Material provided

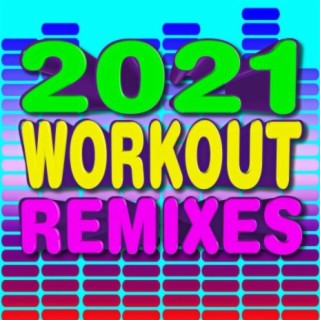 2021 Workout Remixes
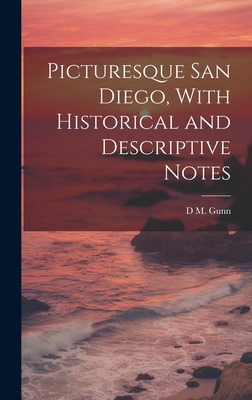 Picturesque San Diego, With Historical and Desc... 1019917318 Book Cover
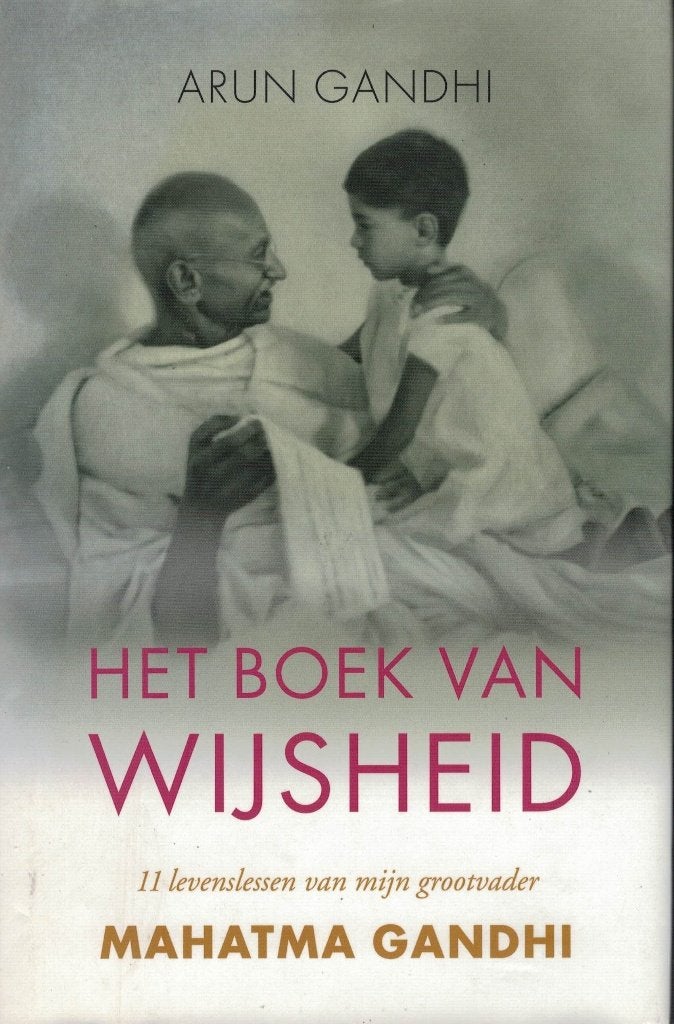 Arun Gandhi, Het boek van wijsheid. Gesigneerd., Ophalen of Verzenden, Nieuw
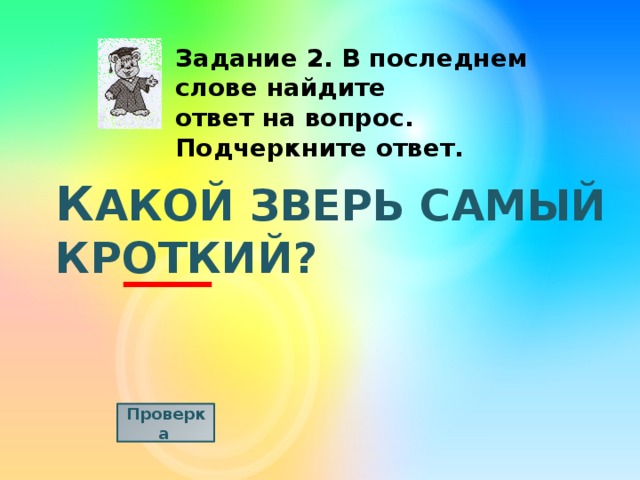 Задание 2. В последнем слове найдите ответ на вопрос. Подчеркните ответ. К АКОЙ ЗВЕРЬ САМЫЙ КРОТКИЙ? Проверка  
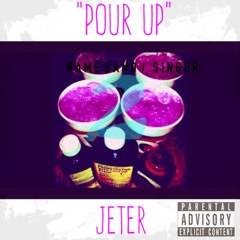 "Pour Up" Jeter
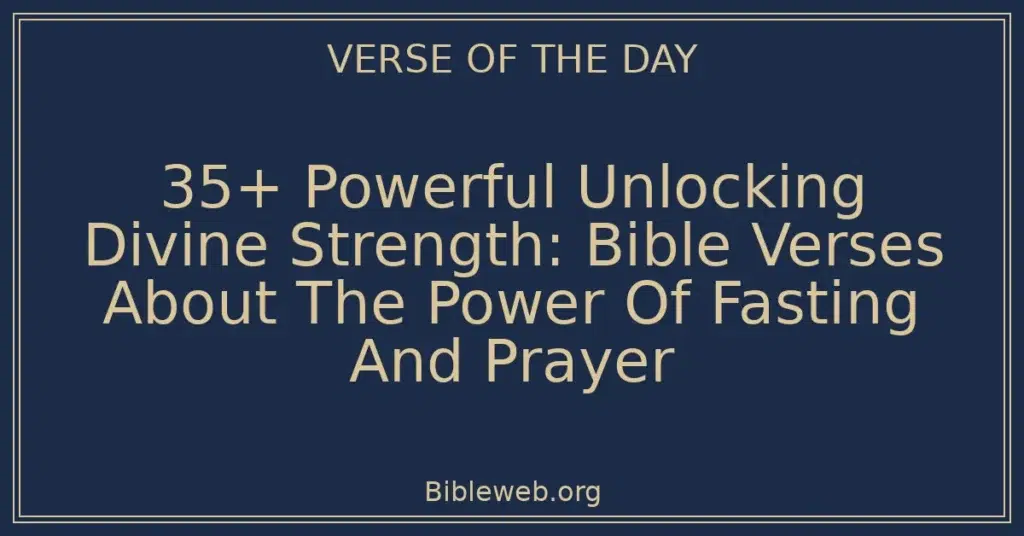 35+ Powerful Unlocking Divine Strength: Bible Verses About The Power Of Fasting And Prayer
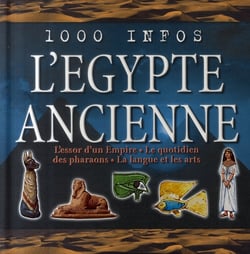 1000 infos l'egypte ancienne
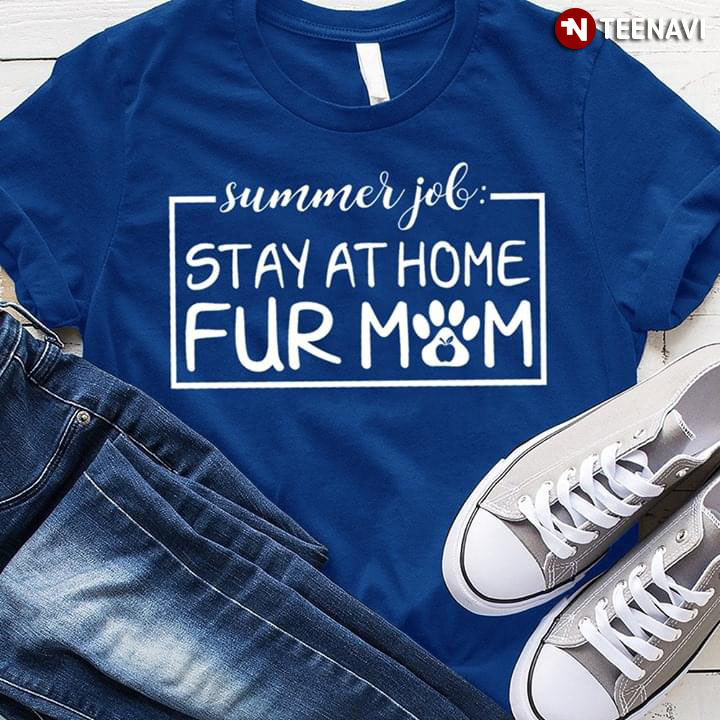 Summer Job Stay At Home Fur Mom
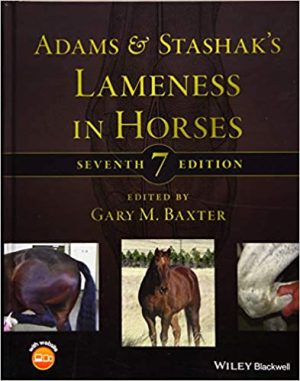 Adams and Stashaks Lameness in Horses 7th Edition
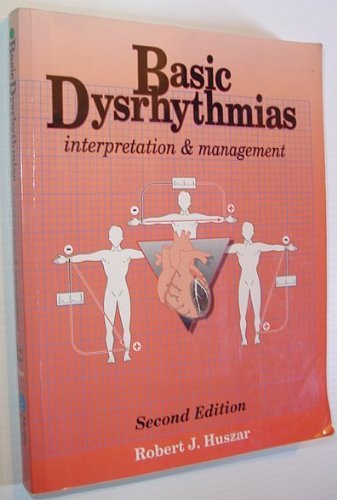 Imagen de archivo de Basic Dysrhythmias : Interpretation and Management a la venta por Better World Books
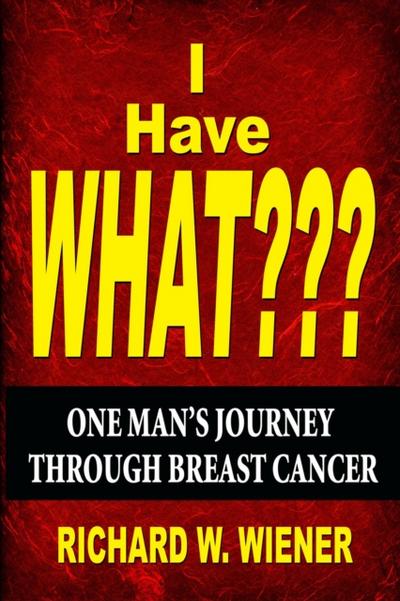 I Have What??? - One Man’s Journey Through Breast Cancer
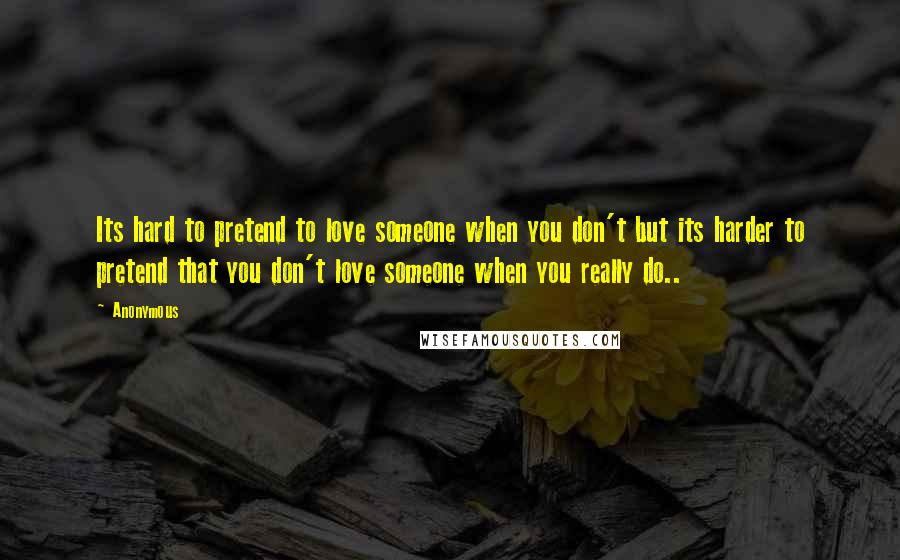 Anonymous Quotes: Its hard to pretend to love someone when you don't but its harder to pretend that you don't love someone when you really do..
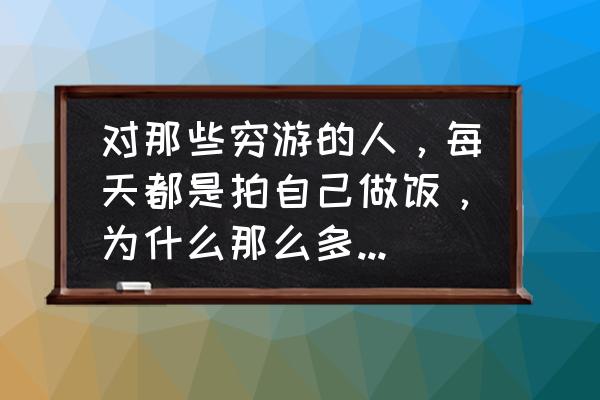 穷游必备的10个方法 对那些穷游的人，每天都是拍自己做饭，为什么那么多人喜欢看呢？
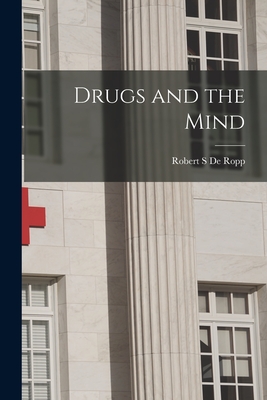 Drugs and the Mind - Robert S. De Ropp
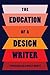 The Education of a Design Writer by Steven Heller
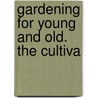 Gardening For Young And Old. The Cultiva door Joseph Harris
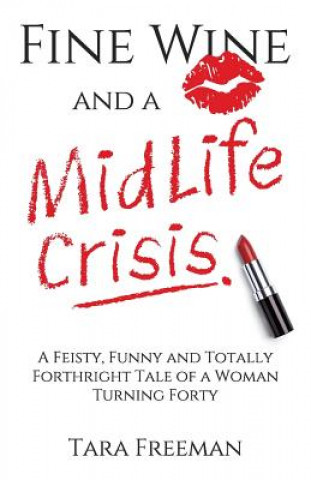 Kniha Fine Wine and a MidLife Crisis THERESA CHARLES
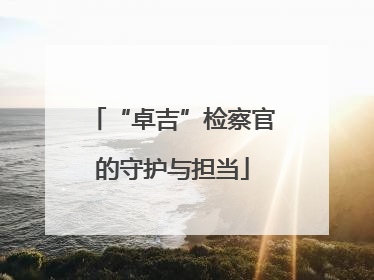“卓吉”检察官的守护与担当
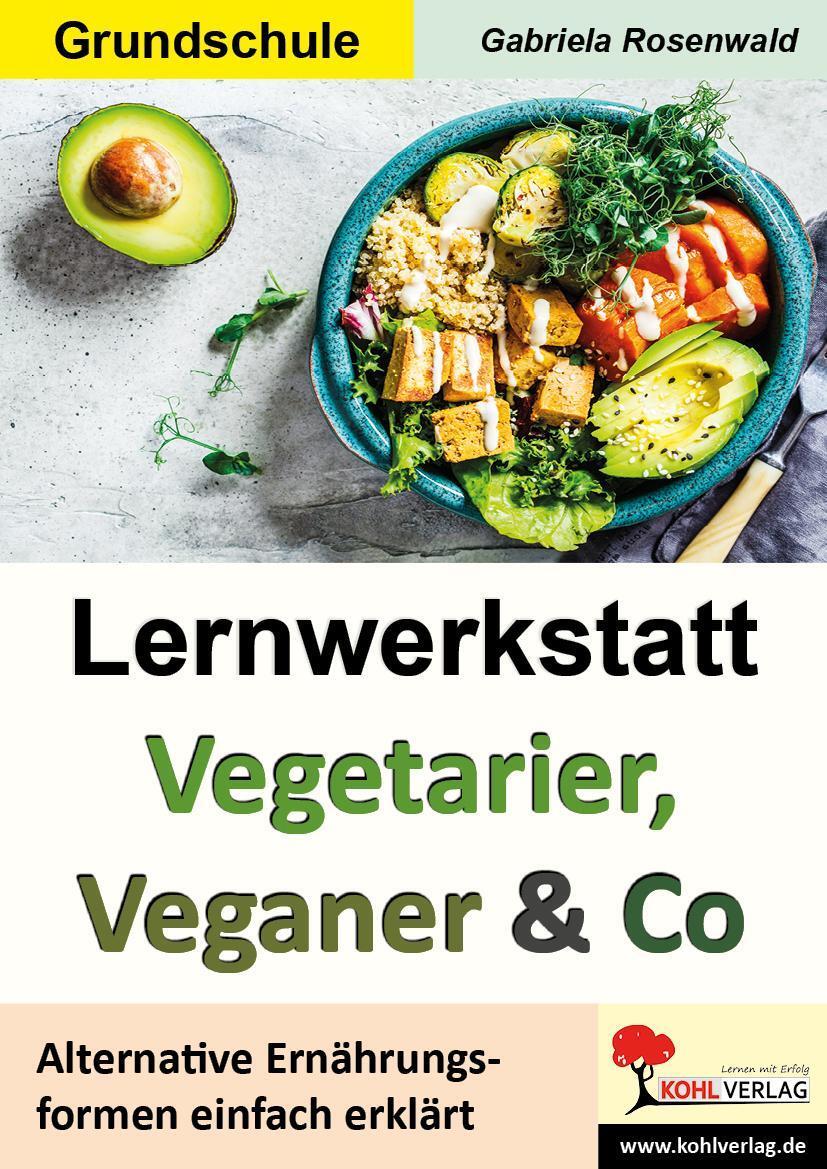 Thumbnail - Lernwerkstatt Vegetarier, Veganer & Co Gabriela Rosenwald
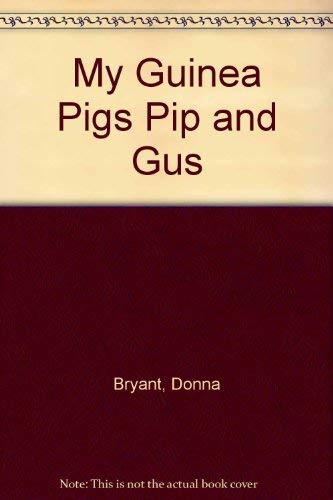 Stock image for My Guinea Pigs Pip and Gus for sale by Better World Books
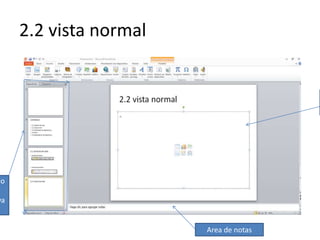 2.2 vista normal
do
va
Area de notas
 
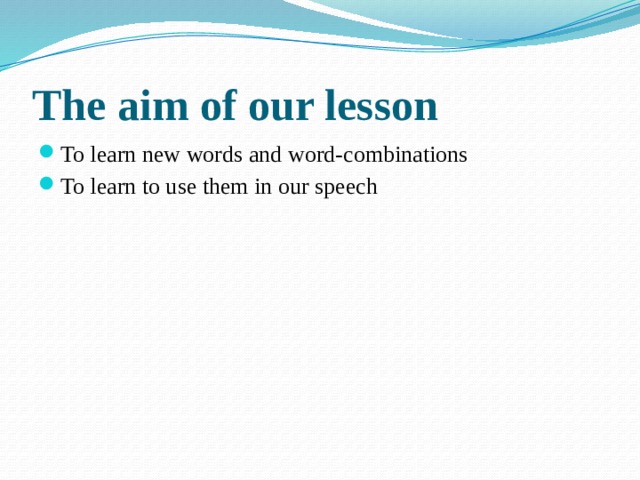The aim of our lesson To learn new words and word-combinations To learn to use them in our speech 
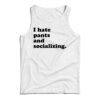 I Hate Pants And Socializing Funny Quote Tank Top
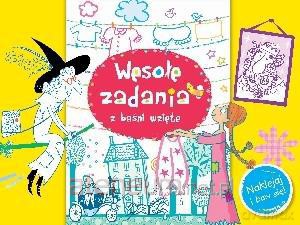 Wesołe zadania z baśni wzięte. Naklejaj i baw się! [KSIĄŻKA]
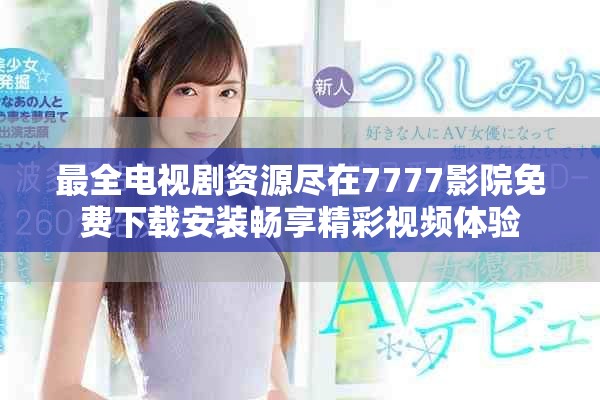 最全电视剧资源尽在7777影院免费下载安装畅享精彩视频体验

What the task requires
For this copy, leave pictures out and reproduce the lines from the one bearing "Stock image for" through the final line of the listing above, both ends included.

Result
 Stock image for My Guinea Pigs Pip and Gus for sale by Better World Books
 2.2 vista normal
do
va
Area de notas
 
The aim of our lesson To learn new words and word-combinations To learn to use them in our speech 
 I Hate Pants And Socializing Funny Quote Tank Top
 Wesołe zadania z baśni wzięte. Naklejaj i baw się! [KSIĄŻKA]
 最全电视剧资源尽在7777影院免费下载安装畅享精彩视频体验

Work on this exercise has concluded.